Mitreißendes Duett der Menschlichkeit
Er hat schon bessere Zeiten erlebt, der Peter Turrini. Zeiten, in denen er auf vielen Bühnen dieser Welt für Aufsehen sorgte. 1971 war seine Rozznjogd ein Theaterhit, 1988 der Minderleister, schon 1980 hatten Josef und Maria für Aufmerksamkeit gesorgt. Das Wiener Burgtheater war lange eine Art zweites Zuhause für den heute 71-jährigen Österreicher, dem vor allem Claus Peymanns Inszenierungen den Weg zum Theater-Olymp wiesen.
Welchen Charme, welche Menschenliebe und Empathie der 2011 mit dem Nestroy-Theaterpreis für sein Lebenswerk ausgezeichnete Autor in seinen Stücken noch immer bewegt, zeigt sich derzeit wieder einmal mehr in seinem Zweipersonenstück Josef und Maria. Man glaubte es vergessen, dieses völlig zu Unrecht – wie sich im Kleinen Haus des Düsseldorfer Schauspiels erwies – einmal als „Weihnachtsmärchen für Erwachsene“ bezeichnete Stück. Ist es doch zwischen Bitternis und Hoffnung, Sehnsucht nach Vergangenem und Wünschen ans Heute gefangen.

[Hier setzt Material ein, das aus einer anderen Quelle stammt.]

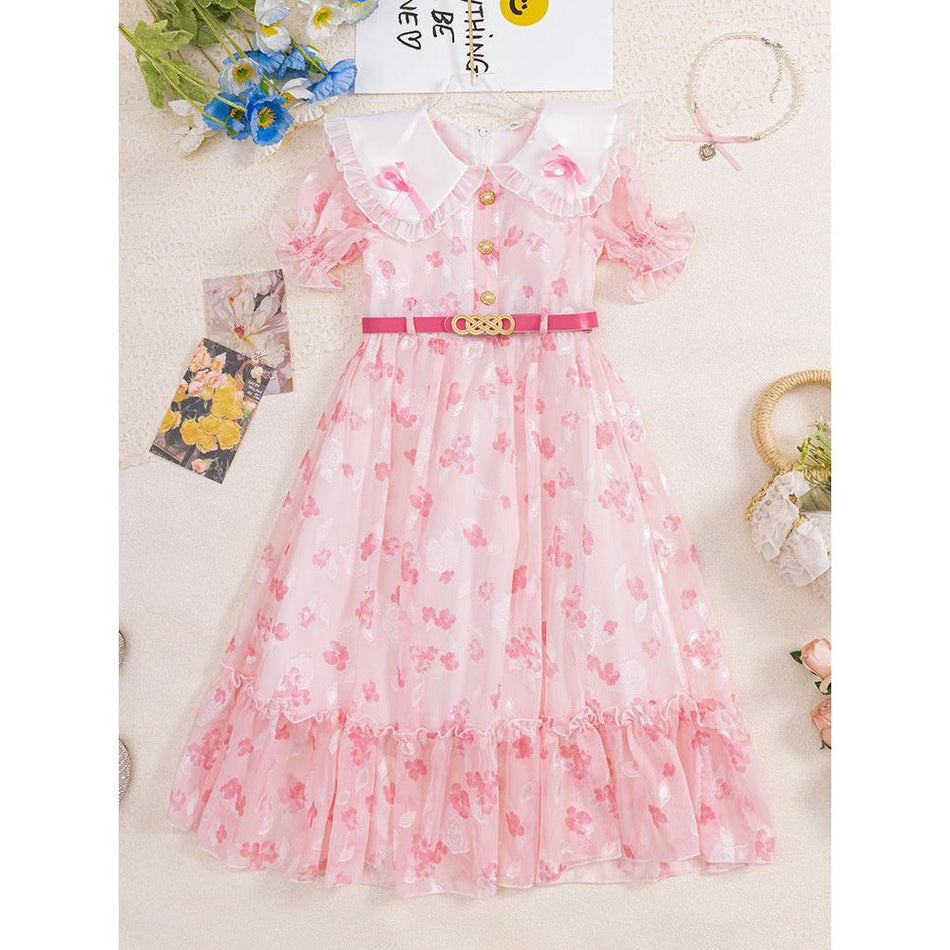 Little Girl Chiffon Floral Beach Dress 2025 Summer Princess Skirt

Maria und Winnie als ferne Verwandte
Wem dabei Momente Beckett`scher Welt- und Menschensicht in den Sinn kommen, dürfte nicht ganz falsch liegen. Denn Turrinis Maria, einst Variete-Tänzerin und Männerschwarm im albanischen Tirana, nun Putzfrau in einem Kaufhaus, erweist sich als ferne Seelen-Verwandte Winnies aus Becketts Glücklichen Tagen. Und wie dort Willie Partner und Gegenpol ist, bewegt sich auch Josef: körperlich, sprachlich und seelisch wie in ein Korsett gesperrt. Auch er lebt in einer fernen Welt, in der Träume von einer verpassten Schauspieler-Karriere die Realität verdrängen.

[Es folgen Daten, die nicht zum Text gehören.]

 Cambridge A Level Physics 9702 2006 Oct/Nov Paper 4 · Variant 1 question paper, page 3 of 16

Und doch ist Turrinis Maria ganz anders. Vor dem Versinken, das Winnie droht, bewahren sie grelle Gefühls- und Temperamentsausbrüche. Ihr Glück gründet zwar in einer seligen Erinnerung, doch zugleich hofft sie, am Ende ihres Lebens noch einmal einen Zipfel der Glückseligkeit zu erhaschen. Wenn sie schließlich mit dem zuvor stocksteifen Josef unter einen Pelzmantel flüchtet, bleibt es der Phantasie des Zuschauers überlassen, ob es das Ende oder der Anfang eines Altersglücks ist.

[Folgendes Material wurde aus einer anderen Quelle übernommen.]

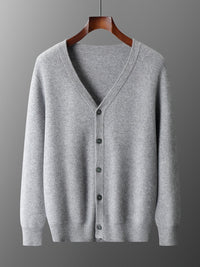 Pure Wool Cardigan Men's V-neck Solid Color Long Sleeve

Das Geheimnis der roten Ballons
Zehn riesige rote Ballons beherrschen den Raum. Kleine und große weiße Stoffbären lungern am Rand der Spielfläche. Mit einem dicken weißen Watteboden, der an schneebedeckte Flächen denken lässt, hat Florian Etti zudem den Raum verzaubert. Das Kaufhaus ist gerade geschlossen worden, die Käufer haben es verlassen, Heiligabend steht vor der Tür. Und Maria, die sich zum Putzen bereit, sprich: mit Kopftuch und Kittel hässlich macht, scheint einsam und allein. Bis ihr der Wachmann Josef in die Quere kommt, der die häusliche Einsamkeit flieht und gerne Dienst macht.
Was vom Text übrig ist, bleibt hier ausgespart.